(Exercise data Opens)

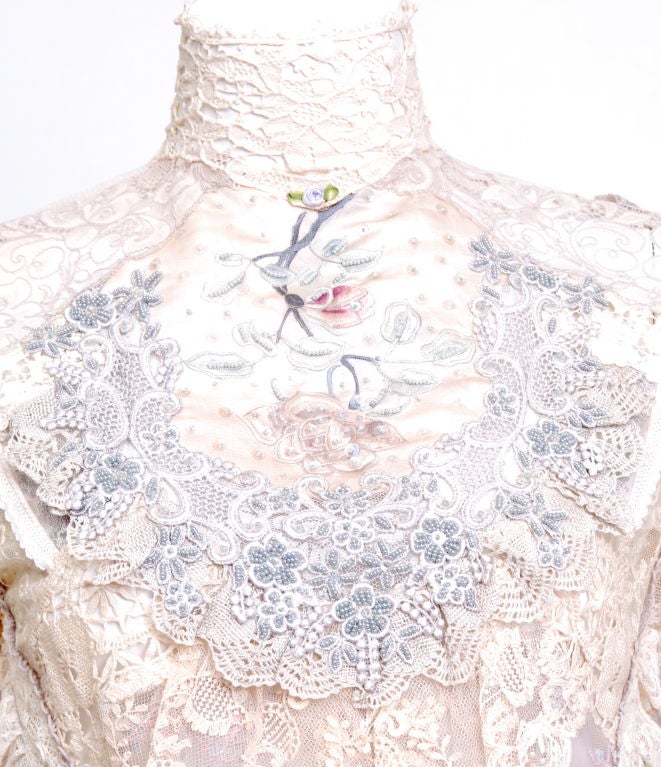 June had a tailor rework this Victorian era blouse to her suit her personal taste. Lace applique with pearl beading. Waist gathers with ribbon at bottom. 

June Carter was a distinguished singer, songwriter, author, actress, comedian, and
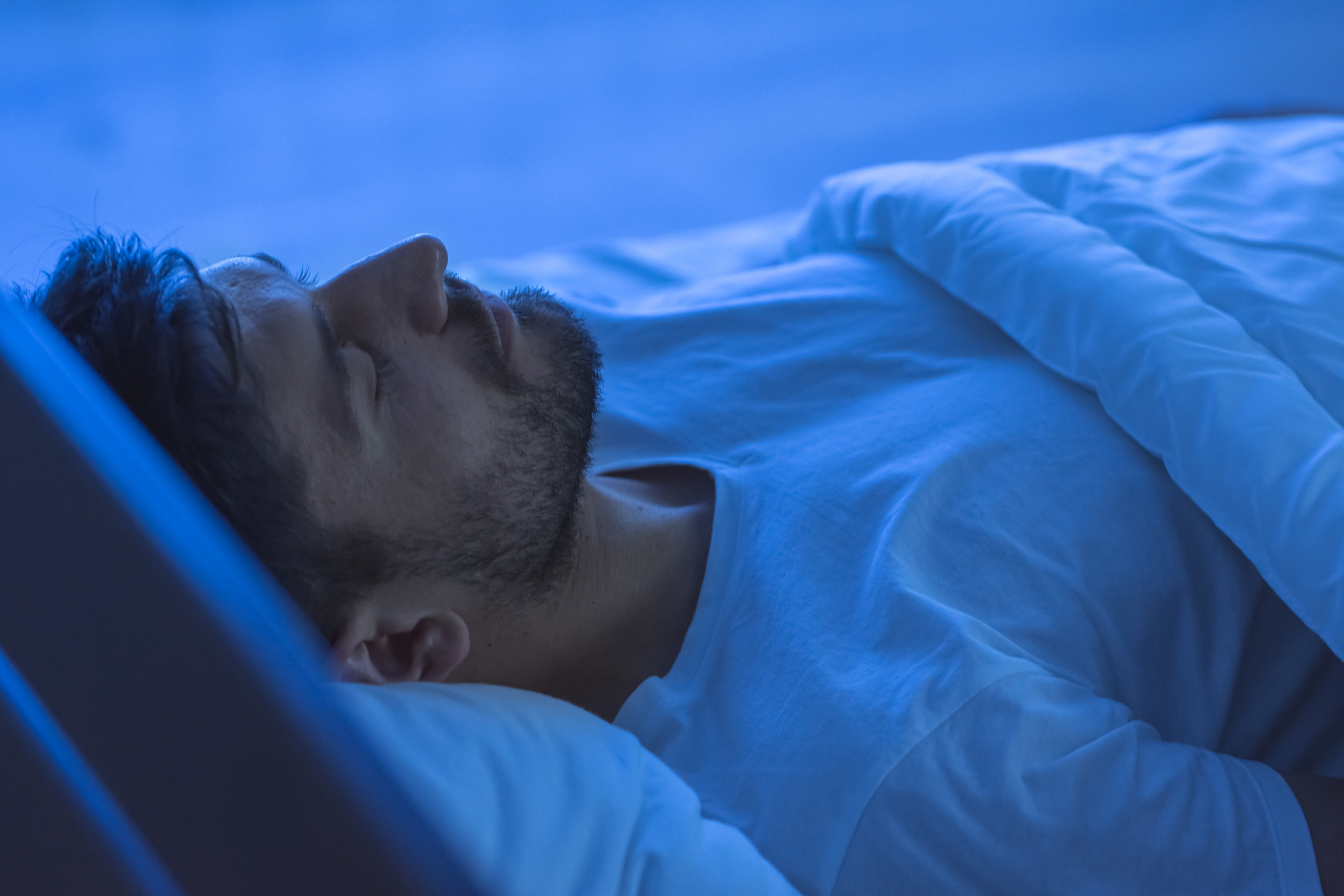 the man sleeping in the bed. night time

(Exercise data Closes)

[Instructions for the task]
Give back the full listing above word for word, and let no picture through.

[Solution for this problem]
 June had a tailor rework this Victorian era blouse to her suit her personal taste. Lace applique with pearl beading. Waist gathers with ribbon at bottom. 

June Carter was a distinguished singer, songwriter, author, actress, comedian, and
 the man sleeping in the bed. night time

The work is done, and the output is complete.